Short text fragments from websites:
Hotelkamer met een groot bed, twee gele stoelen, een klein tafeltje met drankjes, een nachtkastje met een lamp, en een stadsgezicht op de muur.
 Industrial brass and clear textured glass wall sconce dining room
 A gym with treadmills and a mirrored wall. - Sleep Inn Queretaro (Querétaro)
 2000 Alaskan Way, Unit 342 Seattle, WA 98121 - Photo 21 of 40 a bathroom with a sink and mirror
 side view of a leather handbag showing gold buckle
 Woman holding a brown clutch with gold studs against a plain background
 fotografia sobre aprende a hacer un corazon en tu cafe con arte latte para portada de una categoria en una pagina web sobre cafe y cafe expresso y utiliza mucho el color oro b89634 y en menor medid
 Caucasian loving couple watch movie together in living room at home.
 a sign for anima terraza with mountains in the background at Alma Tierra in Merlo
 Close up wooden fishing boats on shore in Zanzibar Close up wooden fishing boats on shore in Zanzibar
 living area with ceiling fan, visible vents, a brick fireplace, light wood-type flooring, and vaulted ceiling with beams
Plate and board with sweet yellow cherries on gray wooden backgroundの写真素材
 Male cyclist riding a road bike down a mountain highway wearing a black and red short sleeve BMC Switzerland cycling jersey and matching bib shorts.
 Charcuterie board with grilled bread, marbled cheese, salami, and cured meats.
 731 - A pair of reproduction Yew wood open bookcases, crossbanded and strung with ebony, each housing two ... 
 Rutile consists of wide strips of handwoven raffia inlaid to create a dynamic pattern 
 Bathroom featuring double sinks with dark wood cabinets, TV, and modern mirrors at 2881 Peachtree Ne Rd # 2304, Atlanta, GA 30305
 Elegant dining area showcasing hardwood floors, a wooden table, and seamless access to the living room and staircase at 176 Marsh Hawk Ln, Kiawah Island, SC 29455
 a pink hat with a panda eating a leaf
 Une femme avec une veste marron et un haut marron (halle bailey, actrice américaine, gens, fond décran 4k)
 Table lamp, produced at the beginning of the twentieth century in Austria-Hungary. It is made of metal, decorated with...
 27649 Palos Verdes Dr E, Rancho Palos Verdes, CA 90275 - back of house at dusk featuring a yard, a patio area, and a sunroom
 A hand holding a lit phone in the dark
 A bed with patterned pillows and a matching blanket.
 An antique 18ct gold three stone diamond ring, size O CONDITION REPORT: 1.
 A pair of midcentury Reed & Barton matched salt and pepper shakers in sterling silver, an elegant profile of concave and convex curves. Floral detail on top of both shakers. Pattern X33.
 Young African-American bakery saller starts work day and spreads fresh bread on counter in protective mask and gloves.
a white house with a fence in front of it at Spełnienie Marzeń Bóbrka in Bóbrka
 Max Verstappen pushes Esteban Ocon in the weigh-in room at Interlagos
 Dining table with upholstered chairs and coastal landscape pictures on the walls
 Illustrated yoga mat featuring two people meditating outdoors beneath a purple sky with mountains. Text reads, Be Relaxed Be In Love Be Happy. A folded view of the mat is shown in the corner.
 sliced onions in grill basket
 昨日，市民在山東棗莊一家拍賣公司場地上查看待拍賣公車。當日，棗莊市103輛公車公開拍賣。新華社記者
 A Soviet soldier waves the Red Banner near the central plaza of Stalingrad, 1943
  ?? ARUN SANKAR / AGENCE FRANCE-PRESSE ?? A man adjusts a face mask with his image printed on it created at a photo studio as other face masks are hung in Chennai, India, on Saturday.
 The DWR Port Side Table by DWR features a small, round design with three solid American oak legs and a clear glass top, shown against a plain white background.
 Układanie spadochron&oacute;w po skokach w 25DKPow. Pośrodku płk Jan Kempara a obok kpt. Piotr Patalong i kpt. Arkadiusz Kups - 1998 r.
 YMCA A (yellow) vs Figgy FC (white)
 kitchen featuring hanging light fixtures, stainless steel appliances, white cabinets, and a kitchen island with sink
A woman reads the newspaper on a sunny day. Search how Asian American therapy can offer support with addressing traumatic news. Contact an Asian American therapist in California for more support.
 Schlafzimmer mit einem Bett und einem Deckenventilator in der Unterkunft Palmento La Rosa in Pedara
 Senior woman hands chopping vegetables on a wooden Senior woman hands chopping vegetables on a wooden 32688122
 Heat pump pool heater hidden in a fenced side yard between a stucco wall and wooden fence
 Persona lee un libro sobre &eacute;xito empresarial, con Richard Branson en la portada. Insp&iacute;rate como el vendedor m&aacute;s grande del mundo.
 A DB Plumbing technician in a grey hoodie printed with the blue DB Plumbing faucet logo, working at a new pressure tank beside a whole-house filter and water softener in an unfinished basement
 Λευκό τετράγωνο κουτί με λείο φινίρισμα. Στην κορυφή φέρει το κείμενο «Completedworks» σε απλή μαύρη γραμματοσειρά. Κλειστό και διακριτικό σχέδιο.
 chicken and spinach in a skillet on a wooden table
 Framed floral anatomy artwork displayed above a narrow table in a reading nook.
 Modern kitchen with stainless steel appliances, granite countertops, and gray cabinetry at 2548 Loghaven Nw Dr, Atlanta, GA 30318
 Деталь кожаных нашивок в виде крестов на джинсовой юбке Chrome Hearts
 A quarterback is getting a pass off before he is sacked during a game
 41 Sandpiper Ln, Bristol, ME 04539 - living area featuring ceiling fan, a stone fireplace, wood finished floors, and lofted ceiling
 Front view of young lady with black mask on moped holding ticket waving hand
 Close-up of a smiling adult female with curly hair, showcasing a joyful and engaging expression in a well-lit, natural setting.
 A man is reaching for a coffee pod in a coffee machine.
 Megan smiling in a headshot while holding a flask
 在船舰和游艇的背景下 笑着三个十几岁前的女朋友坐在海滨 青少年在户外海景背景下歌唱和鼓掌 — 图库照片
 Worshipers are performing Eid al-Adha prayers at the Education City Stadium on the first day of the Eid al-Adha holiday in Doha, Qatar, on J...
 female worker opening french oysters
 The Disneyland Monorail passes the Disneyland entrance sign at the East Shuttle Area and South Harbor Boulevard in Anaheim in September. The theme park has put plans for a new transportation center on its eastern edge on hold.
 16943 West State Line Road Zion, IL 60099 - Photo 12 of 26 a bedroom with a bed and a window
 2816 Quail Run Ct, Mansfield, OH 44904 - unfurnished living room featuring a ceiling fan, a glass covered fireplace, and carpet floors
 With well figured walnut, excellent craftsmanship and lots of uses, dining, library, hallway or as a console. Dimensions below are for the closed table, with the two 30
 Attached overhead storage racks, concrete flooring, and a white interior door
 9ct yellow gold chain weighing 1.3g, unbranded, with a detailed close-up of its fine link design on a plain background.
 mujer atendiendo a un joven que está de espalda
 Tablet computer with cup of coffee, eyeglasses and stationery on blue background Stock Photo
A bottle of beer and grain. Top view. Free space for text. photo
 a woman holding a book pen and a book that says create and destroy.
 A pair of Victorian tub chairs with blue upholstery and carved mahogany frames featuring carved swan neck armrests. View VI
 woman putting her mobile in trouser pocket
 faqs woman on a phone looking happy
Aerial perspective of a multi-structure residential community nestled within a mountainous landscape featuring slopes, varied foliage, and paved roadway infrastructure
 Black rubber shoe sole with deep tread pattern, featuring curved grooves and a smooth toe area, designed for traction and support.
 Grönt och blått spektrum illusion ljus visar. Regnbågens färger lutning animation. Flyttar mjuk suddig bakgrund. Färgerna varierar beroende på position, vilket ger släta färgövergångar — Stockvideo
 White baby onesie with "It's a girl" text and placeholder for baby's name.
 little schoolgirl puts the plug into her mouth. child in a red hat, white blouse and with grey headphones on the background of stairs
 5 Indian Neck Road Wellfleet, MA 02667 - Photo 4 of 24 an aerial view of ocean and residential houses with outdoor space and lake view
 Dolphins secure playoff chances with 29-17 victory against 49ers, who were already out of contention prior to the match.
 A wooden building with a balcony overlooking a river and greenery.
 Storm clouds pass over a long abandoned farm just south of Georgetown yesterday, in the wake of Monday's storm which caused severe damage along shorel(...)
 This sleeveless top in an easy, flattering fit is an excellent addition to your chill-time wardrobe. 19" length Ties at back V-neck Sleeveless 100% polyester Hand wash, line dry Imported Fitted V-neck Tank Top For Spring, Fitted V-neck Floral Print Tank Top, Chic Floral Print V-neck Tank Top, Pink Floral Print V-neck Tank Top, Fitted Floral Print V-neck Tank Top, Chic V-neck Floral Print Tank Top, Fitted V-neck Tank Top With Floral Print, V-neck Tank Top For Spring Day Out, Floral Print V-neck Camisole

▸ TASK GOAL: From the entries above, give again exactly the lines running from the line with "Caucasian loving couple" to the line with "731 - A pair"; include both of those lines.

▸ YOUR RESPONSE:
 Caucasian loving couple watch movie together in living room at home.
 a sign for anima terraza with mountains in the background at Alma Tierra in Merlo
 Close up wooden fishing boats on shore in Zanzibar Close up wooden fishing boats on shore in Zanzibar
 living area with ceiling fan, visible vents, a brick fireplace, light wood-type flooring, and vaulted ceiling with beams
Plate and board with sweet yellow cherries on gray wooden backgroundの写真素材
 Male cyclist riding a road bike down a mountain highway wearing a black and red short sleeve BMC Switzerland cycling jersey and matching bib shorts.
 Charcuterie board with grilled bread, marbled cheese, salami, and cured meats.
 731 - A pair of reproduction Yew wood open bookcases, crossbanded and strung with ebony, each housing two ... 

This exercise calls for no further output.